The access to the portions of the Last Level cache by each core is different. Each core "owns" a part of the LLC which it will have it's reads brought into, i.e. if a line is not in the LLC it will be read from memory, sent to the core, AND written in the portion of the LLC assigned to this particular core. If another core then reads this same line, it will be able to access it in the first core's LLC portion.
This means that if a request from a core needs to replace a line in the LLC, it will only replace lines in the portion of the LLC allocated to this core and not to another core.
Hi, I need to model the behavior of the Intel L5630 L3 12MB 16-way cache. I don't understand your explanation but maybe a more detailed example would help. Specifically, I don't understand how the set is selected - which bits in the physical address are used and how, and which bits are used as the tag.
It is my understanding that this cache has 12,288 sets (12MB/16 way/64B cache line). For a 40 bit physical address (BE, right to left, LSB=0 to MSB=39), bits[2-0] select the bytes in each quad word (these bits are not referenced by the cache HW itself) and bits[5-3] select the quad word in the cache line. Then the set would typically be selected by several of the next higher bits, depending on the # of sets, which is typically a power of two. For example, if the number of sets is 64 then bits[11-6] would select the sets 0-63.
But 12,288 is not a power of 2, and bits[19-6] would select sets 0-16383 and bits[18-6] would select sets 0-8191. So how would this work?
If bits[19-6] are used, then both a value of 16383 and 4095 map into the same set, 4095, if you compute the set as the remainder, ie. bits[19-6] % 12288. What would the tag be?
When you mentioned that the L3 is split across cores, are you referring to the sets (12,288 sets / 4 cores)? or to the columns (8-way / 4 cores)?
If I recall correctly the Westmere EP supports modulo-3 address mapping across the three memory channels using all physical address bits above the cache line boundary. Of course latency is a bit less critical when going to memory than when going to L3.
The Hot Chips presentation on Westmere EP (http://www.hotchips.org/wp-content/uploads/hc_archives/hc22/HC22.24.620-Hill-Intel-WSM-EP-print.pdf) says (slide 12):
L3 still 16-way shared. SET address arithmetic changed.
For Westmere EX, the Hot Chips presentation (http://www.hotchips.org/wp-content/uploads/hc_archives/hc22/HC22.24.610-Nagara-Intel-6-Westmere-EX.pdf) says (slide 8):
Distributed 10 slice, shared LLC (L3 cache)

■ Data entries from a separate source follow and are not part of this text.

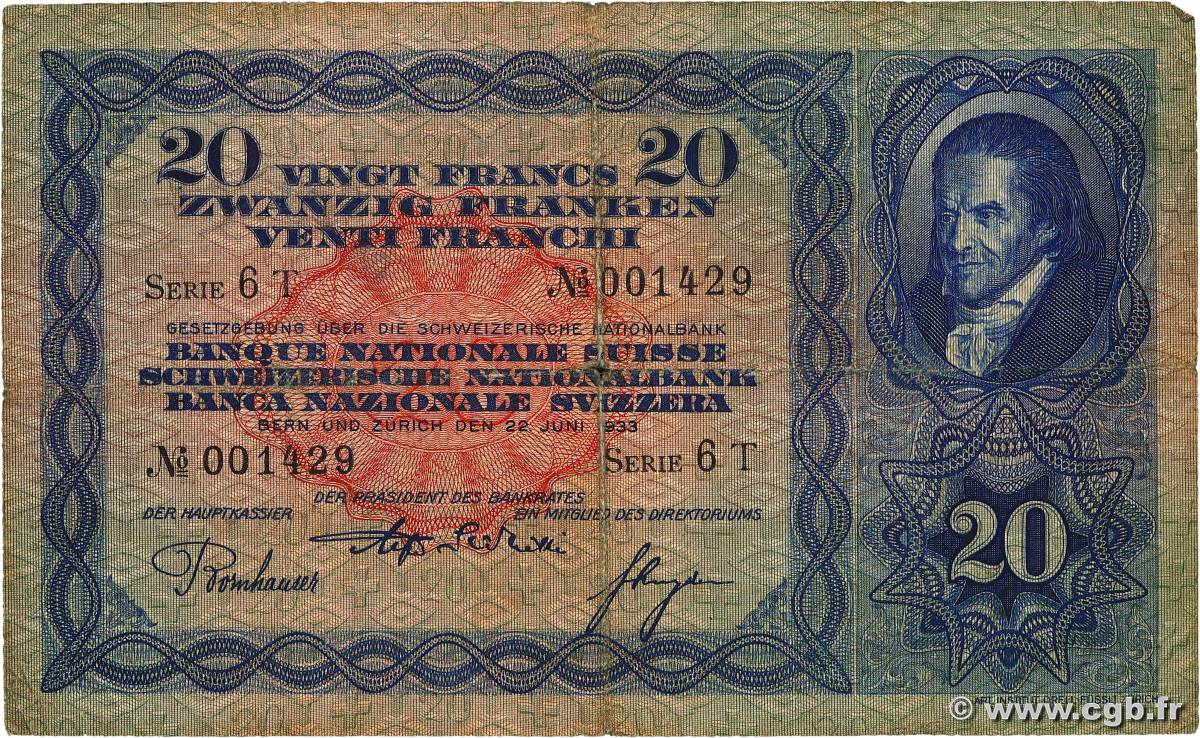 20 Francs SUISSE  1933 P.39d B+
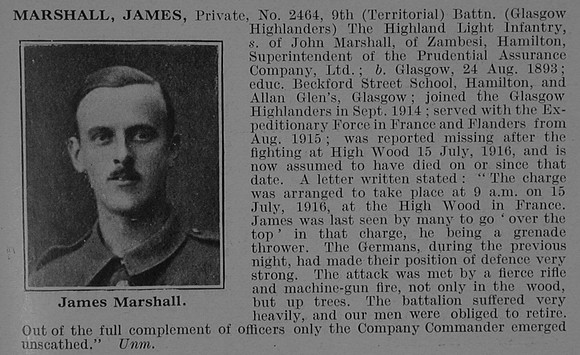 Marshall J Pte 9th Highland Light Infantry Obit De Ruvignys Roll Of Honour Vol 3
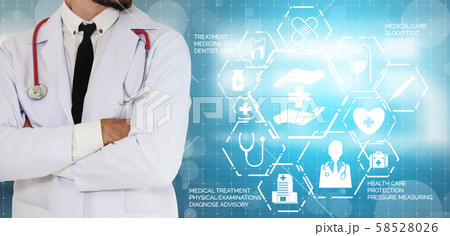 Doctor with Medical Healthcare Graphic in Hospital Doctor with Medical Healthcare Graphic in Hospital 58528026
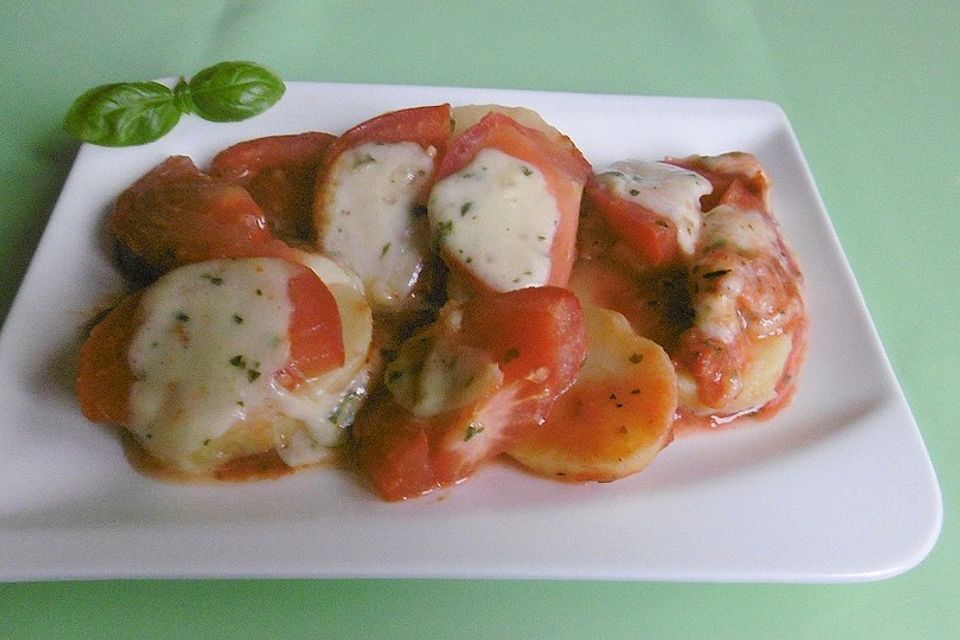 Tomaten-Mozzarella-Kartoffelauflauf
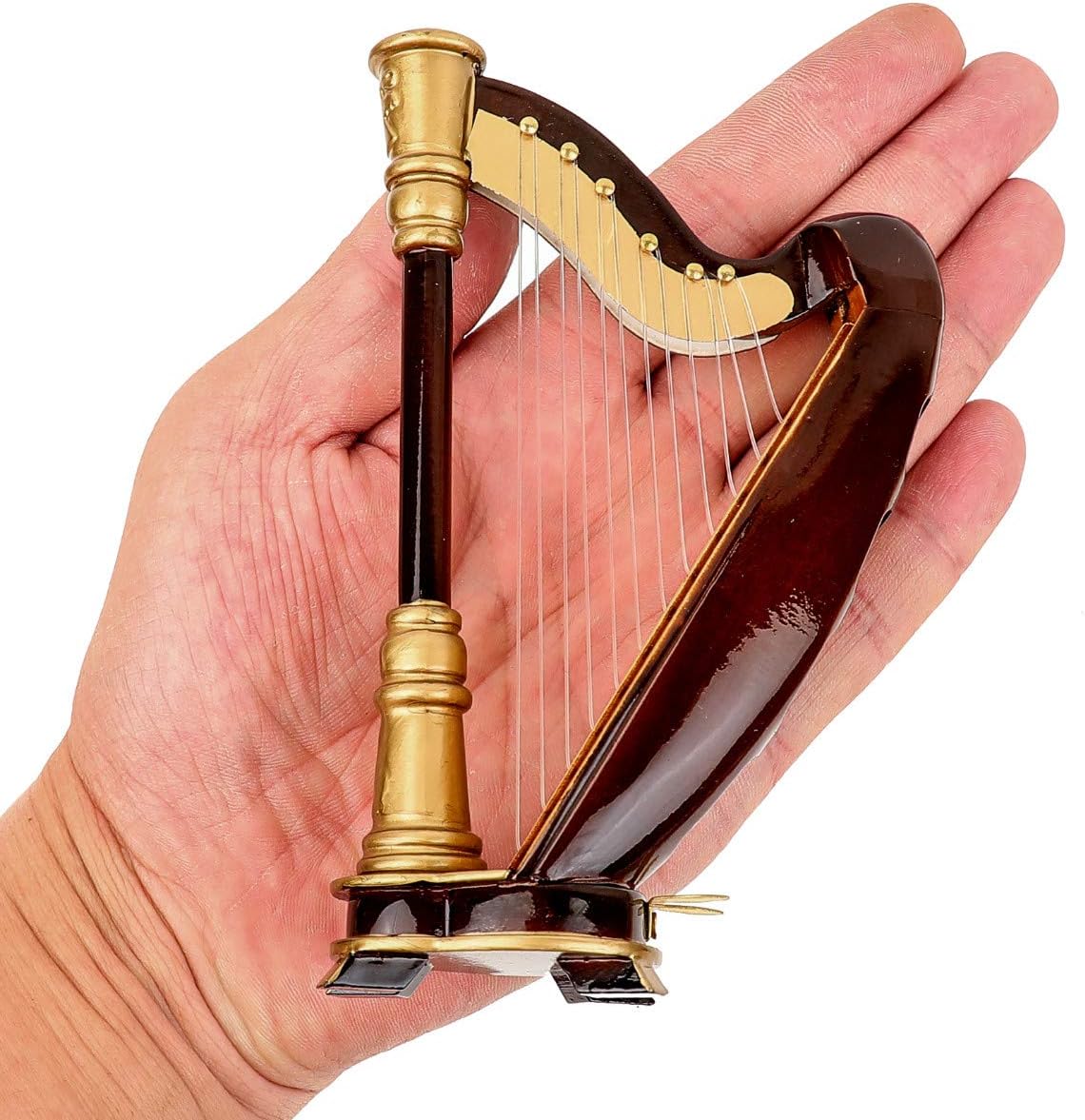 Wooden Miniature Harp with Case Mini Musical Instrument Harp Replica Collectible Figurines Dollhouse Accessories Model Home Decoration Display Ornament (5.51"x3.07"x1.69") - Image 2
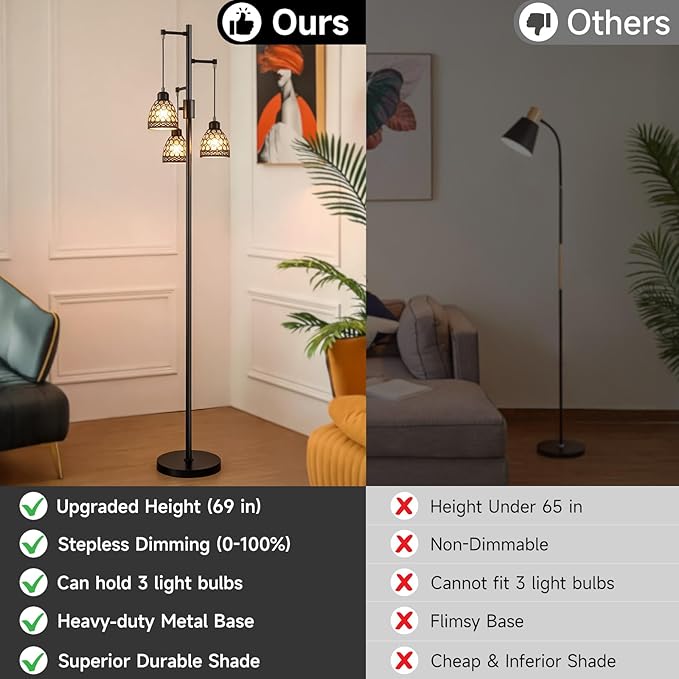 -Modern 3-Head Floor Lamp with Crystal Beads, Industrial Metal Standing Lamp Adjustable Hanging Light for Living Room-Black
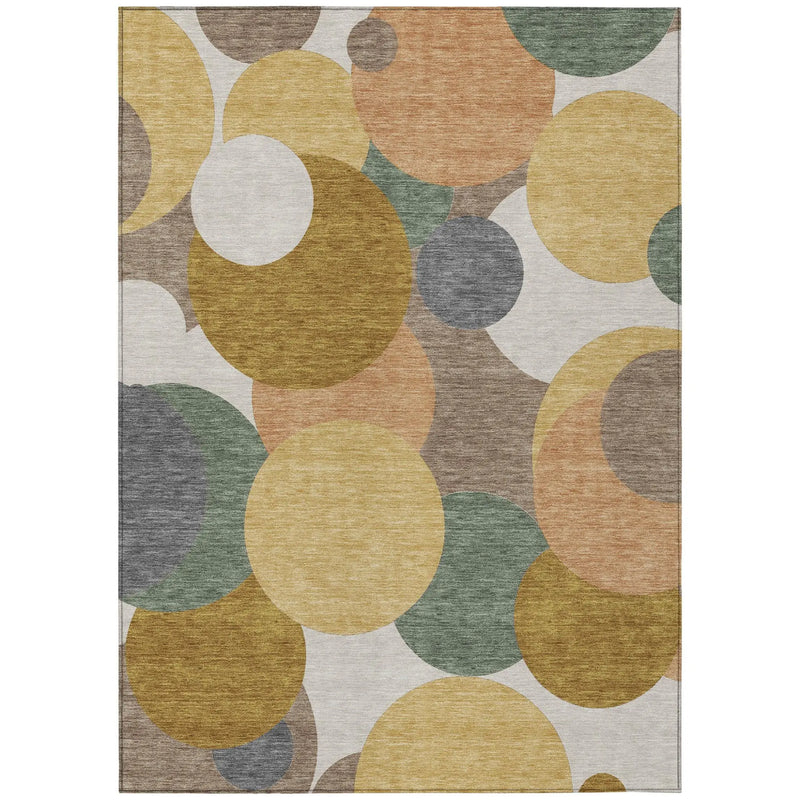 5' X 8' Gold And Walnut Geometric Washable Indoor Outdoor Area Rug Homeroots Outdoor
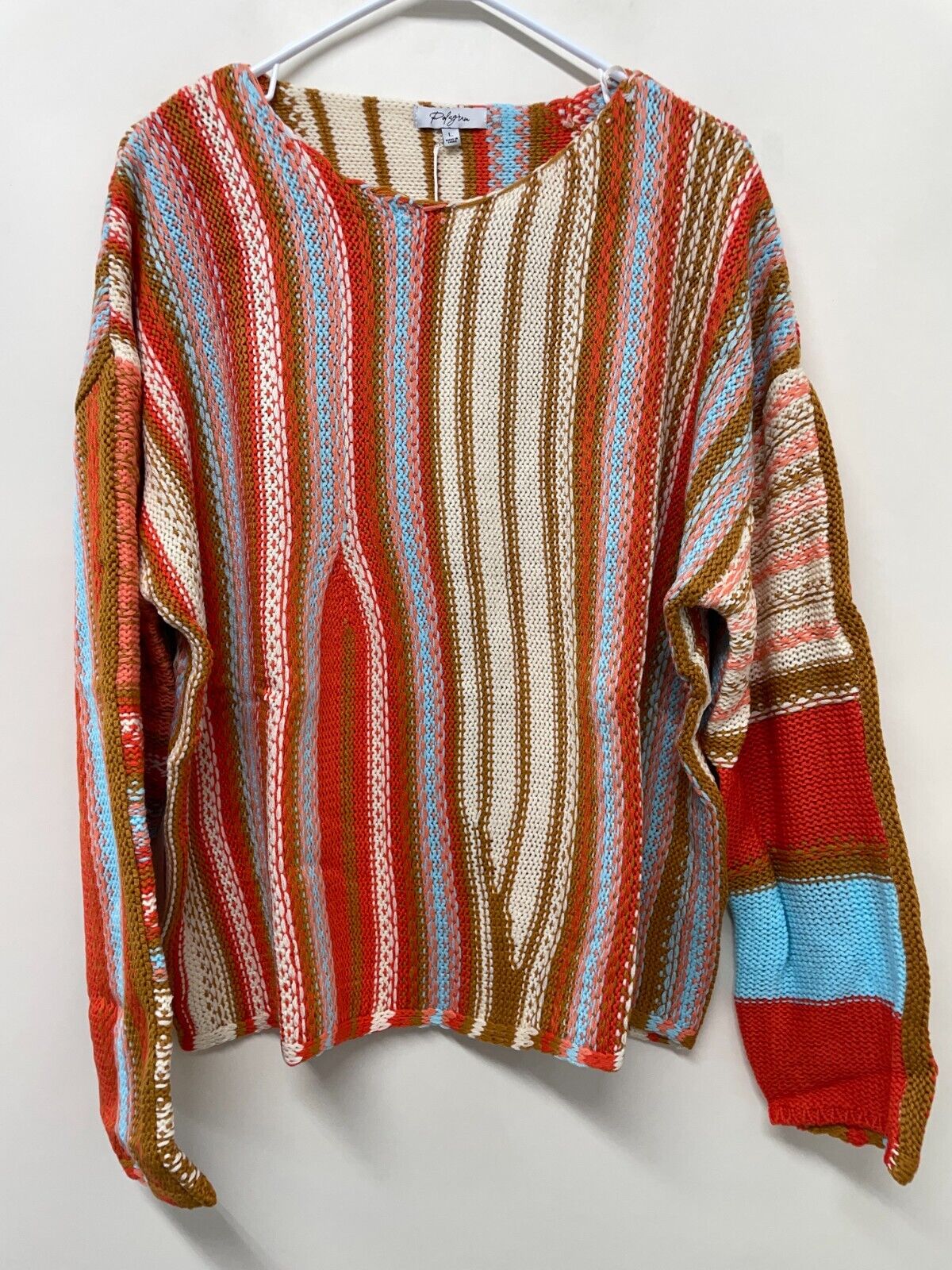 Polagram by Piper & Scoot Womens L The Willis Woven Sweater Orange Multicolor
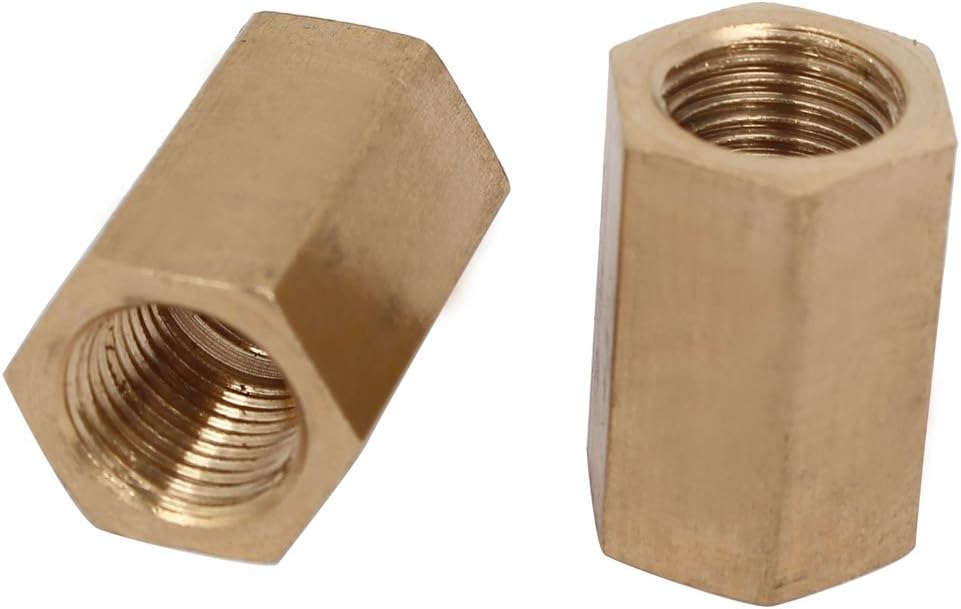1/8BSP Female Thread Straight Hex Fitting Rod Coupling Nut Brass Tone 2pcs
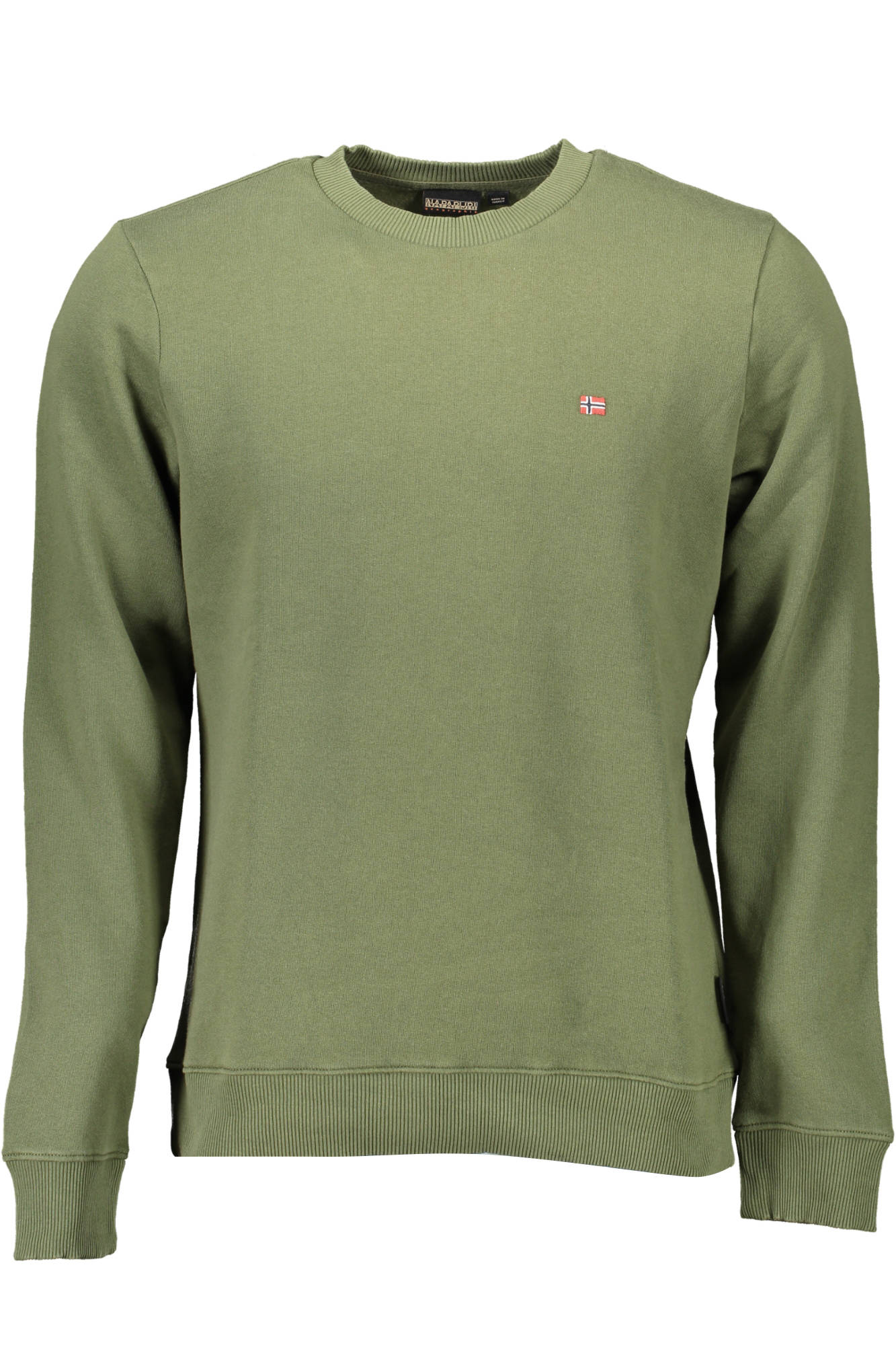 NP0A4FQWBALISCREW1_31E3792_VERDEGE4GR – Herren Sweatshirt Grün: Langarm, Regular Fit, Stickerei, Bio-Baumwolle – Größe: XS – Farbe: Verde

10 way Physical Address hashing to avoid hot spots
For Sandy Bridge EP and newer processors, Intel has been clear that the mapping of physical addresses to L3 slices is undocumented. This also means that the mapping of physical addresses to sets within each L3 slice is also undocumented. On the other hand, these newer processors have "per slice" uncore performance counters, so it is straightforward to build test codes to determine the mappings. The physical address to slice mapping is easy -- just load/flush/load repeatedly on a single address and see which L3 CBo records the most accesses. Increment the address and repeat. The hard part is translating the results into a formula, but it can sometimes be done. Once you have a set of addresses that map to the same L3 slice, you can look for associativity conflicts by repeatedly loading a set of addresses (where the set size is larger than the associativity) and checking the L3 victim counts. This can be a very slow process, but in principle it is straightforward. There is no way to know how these sets are internally numbered (just as there is no way to know how the "ways" are internally numbered), but it is possible to discover sets of addresses that map to the same set in the same slice.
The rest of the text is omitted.